● TO DO
In the data below, find the line with "square peeling sticker" and the line with "White_Cotton_Blend_Premium_Shirt_For_Men", then restate both and every line between them exactly, minus the pictures.
::::
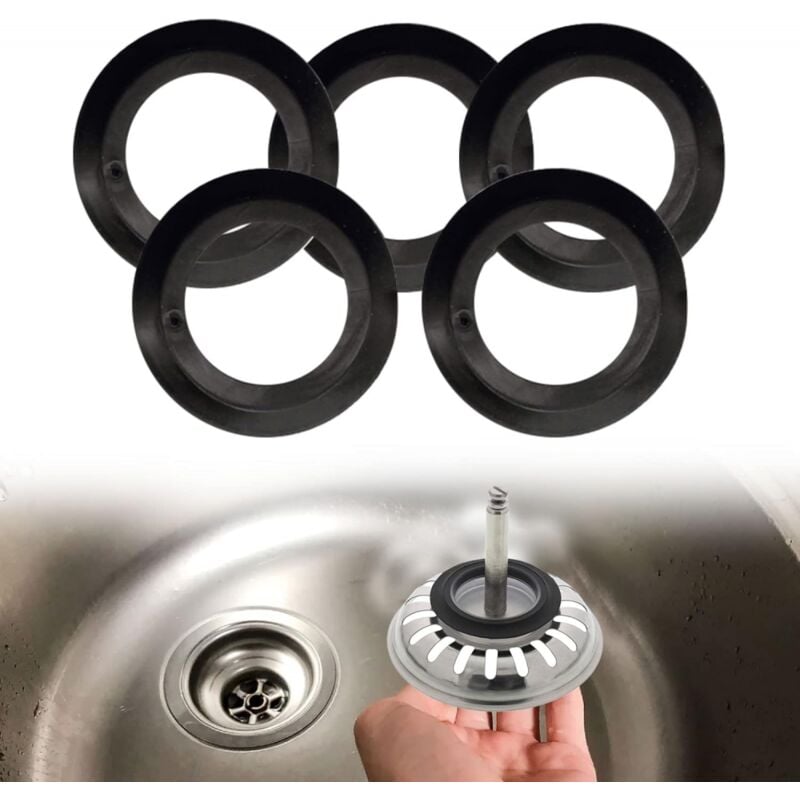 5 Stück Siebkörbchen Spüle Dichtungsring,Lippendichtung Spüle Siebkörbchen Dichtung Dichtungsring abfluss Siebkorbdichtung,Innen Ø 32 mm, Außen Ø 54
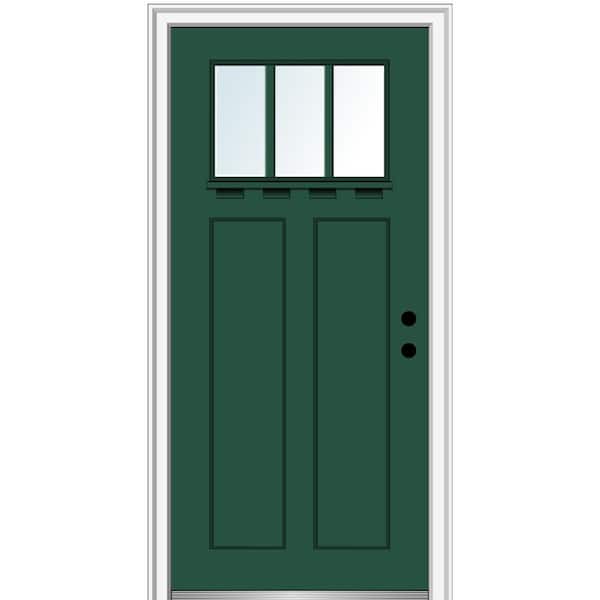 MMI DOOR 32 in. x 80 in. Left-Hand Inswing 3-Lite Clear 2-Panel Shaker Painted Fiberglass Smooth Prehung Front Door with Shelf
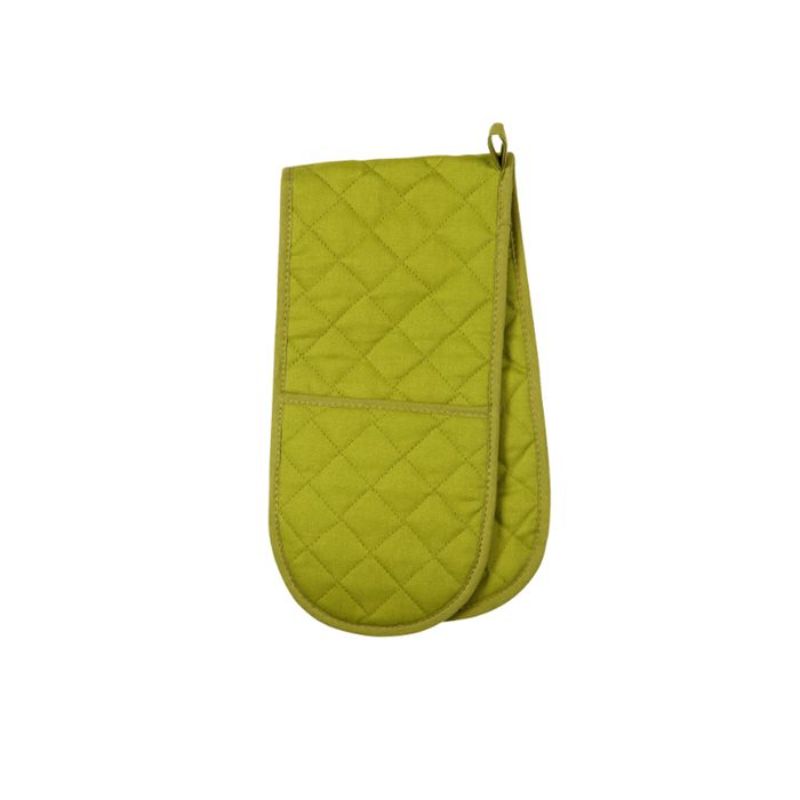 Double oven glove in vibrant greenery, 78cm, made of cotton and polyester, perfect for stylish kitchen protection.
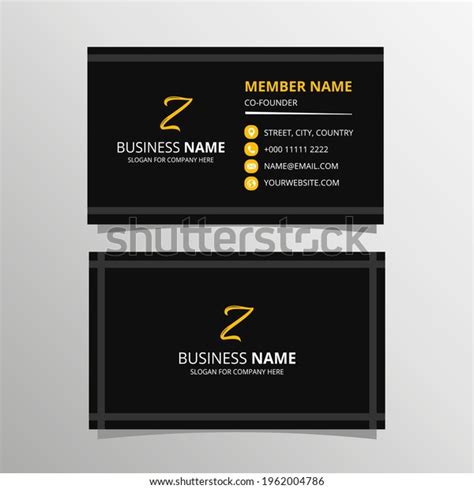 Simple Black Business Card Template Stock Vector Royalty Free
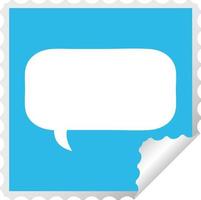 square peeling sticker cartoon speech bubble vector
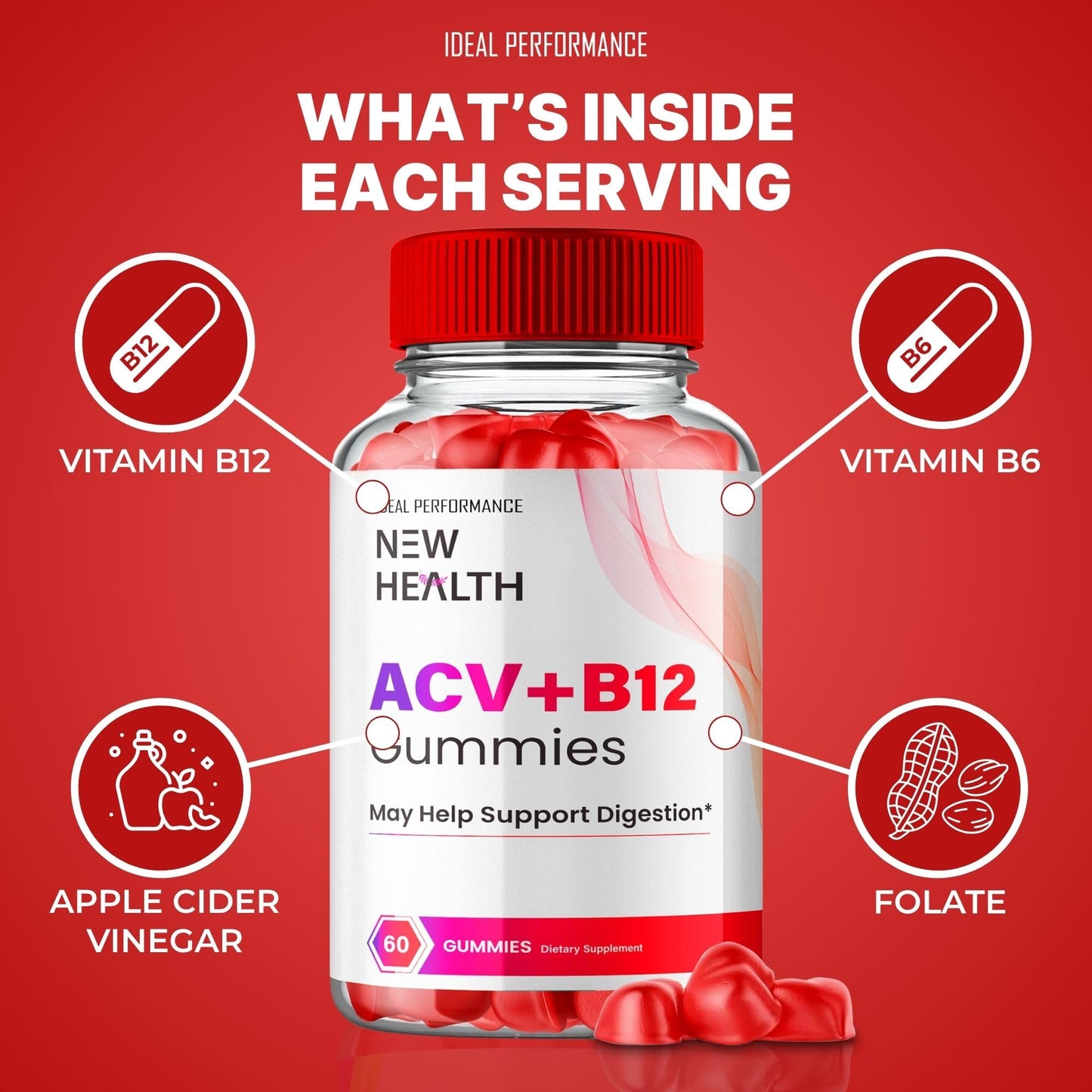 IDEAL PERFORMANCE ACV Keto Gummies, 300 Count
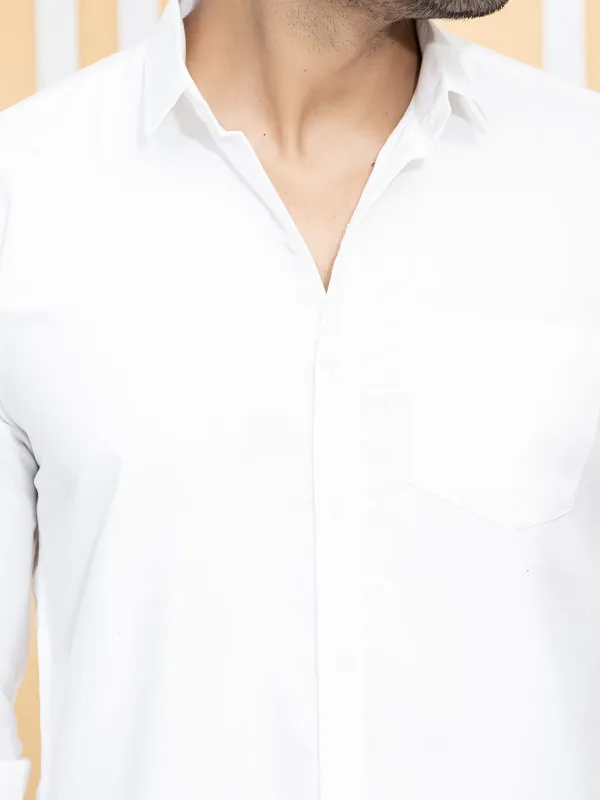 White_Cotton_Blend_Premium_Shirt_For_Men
::::
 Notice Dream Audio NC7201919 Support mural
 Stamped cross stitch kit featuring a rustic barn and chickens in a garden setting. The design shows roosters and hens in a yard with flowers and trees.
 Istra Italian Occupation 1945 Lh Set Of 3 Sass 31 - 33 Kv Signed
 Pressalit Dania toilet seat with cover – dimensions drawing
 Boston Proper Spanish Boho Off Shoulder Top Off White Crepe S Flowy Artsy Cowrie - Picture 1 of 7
::::
● EXPECTED ANSWER
 square peeling sticker cartoon speech bubble vector
 IDEAL PERFORMANCE ACV Keto Gummies, 300 Count
 White_Cotton_Blend_Premium_Shirt_For_Men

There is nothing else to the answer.